It was only after the battle that I had time to look at the night sky where Masser and Secunda were, ensconced in their starry embrace. The smell of sea salt mingled with the blood of the Dreugh as their broodmother lay slain. I hadn’t noticed that the corals glowed.
In a somewhat remote spot of Cyrodiil, a mage has arranged a family of skeletons around a campfire. He has made sure all of them have their heads and are suitably warm. I wonder what tales are being told.
The two statues always seem to me that they are giving high-fives to one another. But that wasn’t what caught my eye this time. The purple-blue shades of the sky was so strangely incongruent with the sun shining down at me. I had to remind myself where I was – they didn’t call it Far Shores for nothing!
Every time I go to Stirk, and I’ve been there at least ten times, I almost always arrive at nearly but not always the same time – the magic hour just reaching its last tendrils over before the evening ends and night begins. The sun nears the horizon; night gathers above, bejeweled and waiting. I imagine that the sea breeze is balmy, and perhaps I can taste sorrow in the air – the Crimson Ship carried its burden hopeless into that endless Abecean Sea and were lost. Who mourns them?
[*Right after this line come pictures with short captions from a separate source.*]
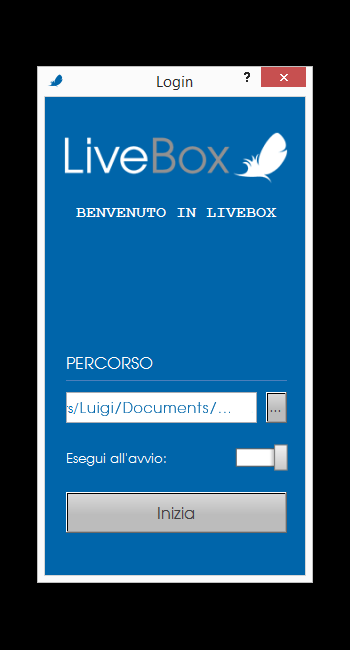 3. LOGIN 3.1 EFFETTUARE L ACCESSO IN LIVEBOX Al primo avvio del client desktop verrà chiesto di effettuare la login.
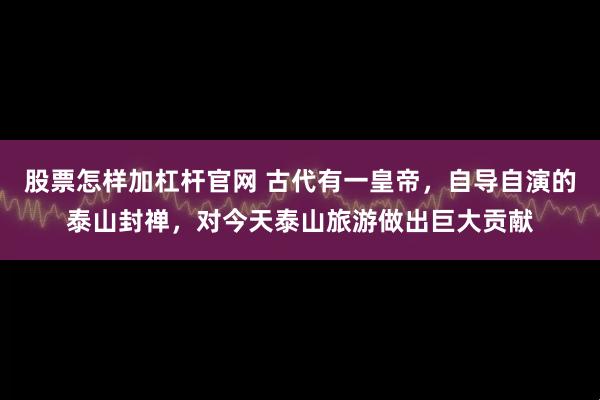 股票怎样加杠杆官网 古代有一皇帝，自导自演的泰山封禅，对今天泰山旅游做出巨大贡献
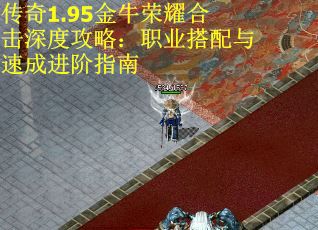 传奇1.95金牛荣耀合击深度攻略：职业搭配与速成进阶指南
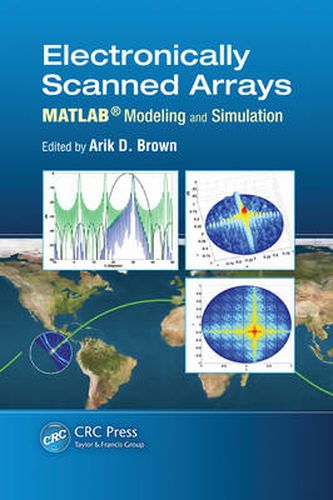 Cover image for Electronically Scanned Arrays MATLAB (R) Modeling and Simulation: MATLAB (R) Modeling and Simulation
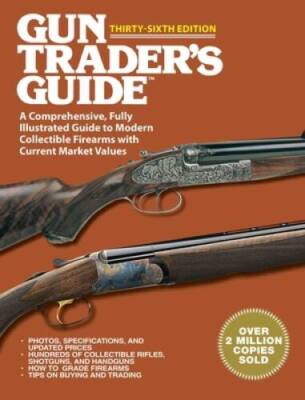Gun Trader's Guide Thirty-Sixth Edition: A Comprehensive, Fully Illustrat - GOOD
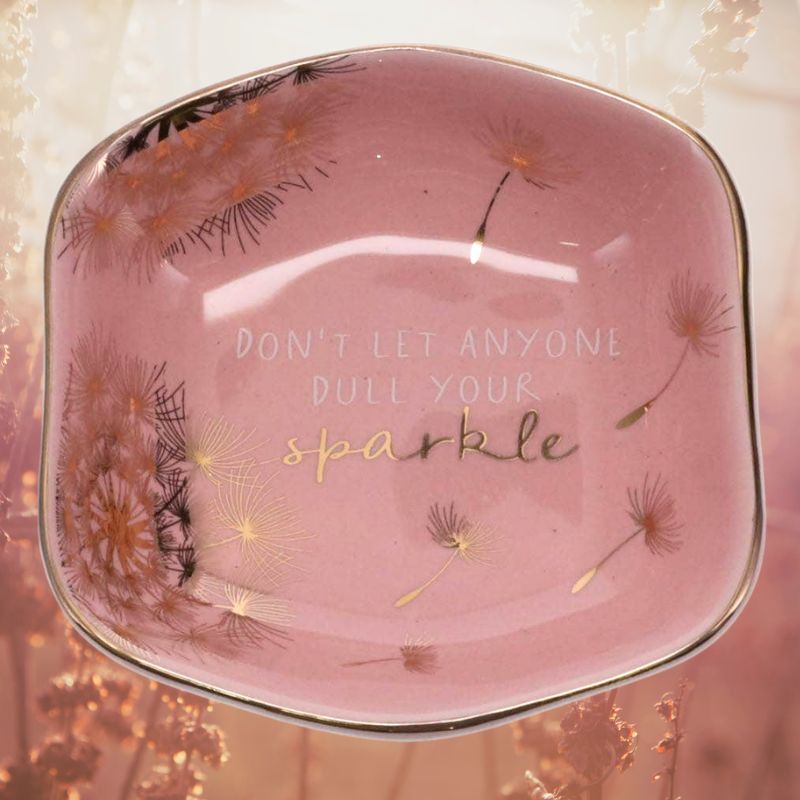 Don't Let Anyone Dull Your Sparkle Trinket Dish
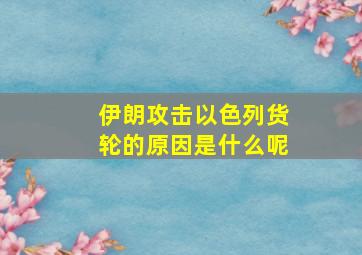 伊朗攻击以色列货轮的原因是什么呢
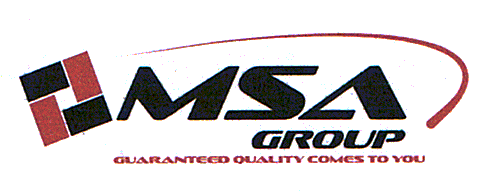 MSA GROUP GUARANTEED QUALITY COMES TO YOU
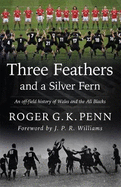 Three Feathers and a Silver Fern - An Off-Field History of the 'Wales-All Blacks Fixtures': An Off-Field History of the 'Wales-All Blacks Fixtures'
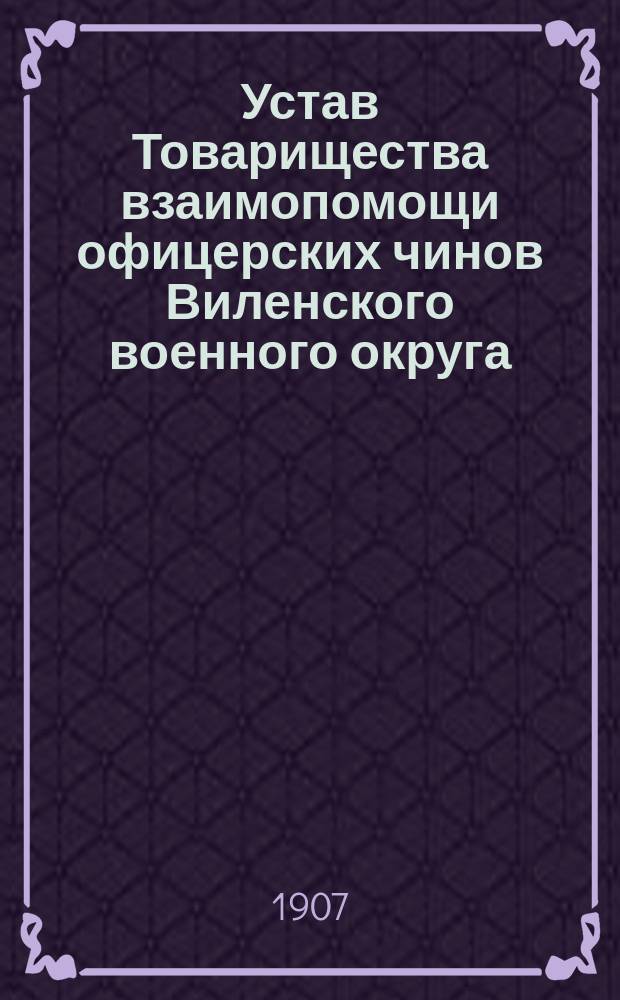Устав Товарищества взаимопомощи офицерских чинов Виленского военного округа : Утв. 26 февр. 1907 г.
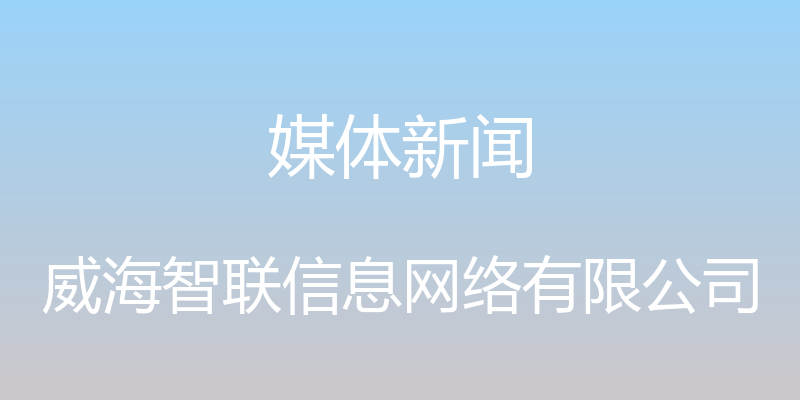 媒体新闻 - 威海智联信息网络有限公司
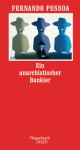 Ein anarchistischer Bankier - Fernando Pessoa, Reinhold Werner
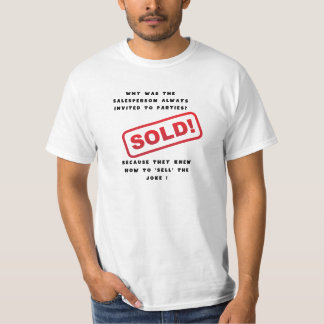 Salesman Shirt, den ädla Salesperson-skjortan T Shirt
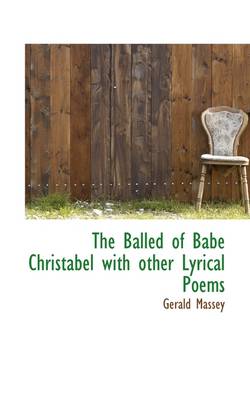 Book cover for The Balled of Babe Christabel with Other Lyrical Poems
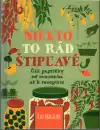 Niekto to rád šťipľavé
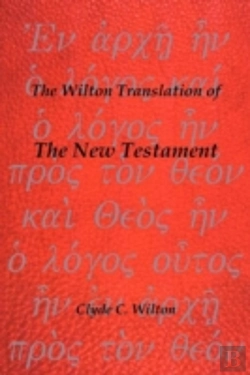 Bertrand.pt - The Wilton Translation Of The New Testament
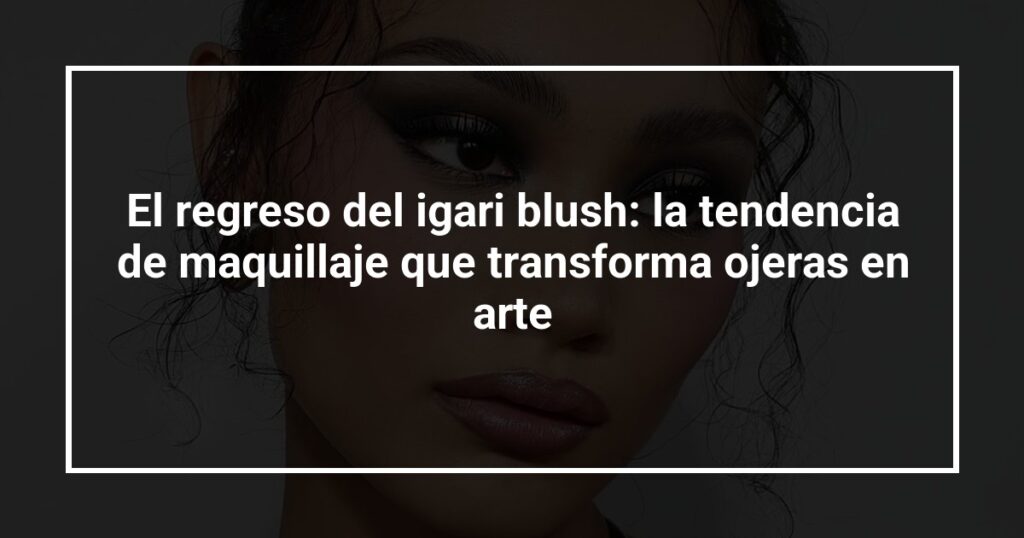 El regreso del igari blush: la tendencia de maquillaje que transforma ojeras en arte
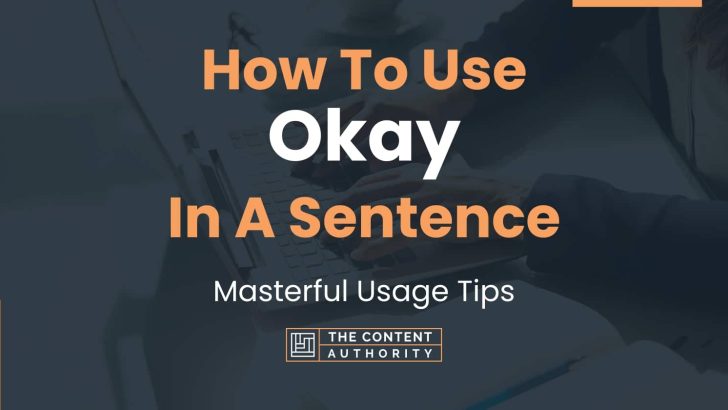 how-to-use-okay-in-a-sentence-masterful-usage-tips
I might have noticed this before but I cannot remember if I did. Walking down towards the wayshrine, I noticed these rocks in this formation. The closer image shows more clearly their countenances. Fascinating.
Something about the sun shining through the foliage does it for me every single time. Reaper’s March feels warm. The empty deserts of the Alik’r are dead. But Reaper’s March feels alive, a poignant thought since it was littered, once upon a time, with the remains of yesterday’s dead.
Eastmarch is a warm surprise after having explored Coldharbour. You can almost smell the grass and the life that’s here. Coldharbour in contrast was… dead. There was no life, only a semblance of it. It chills the heart to go there.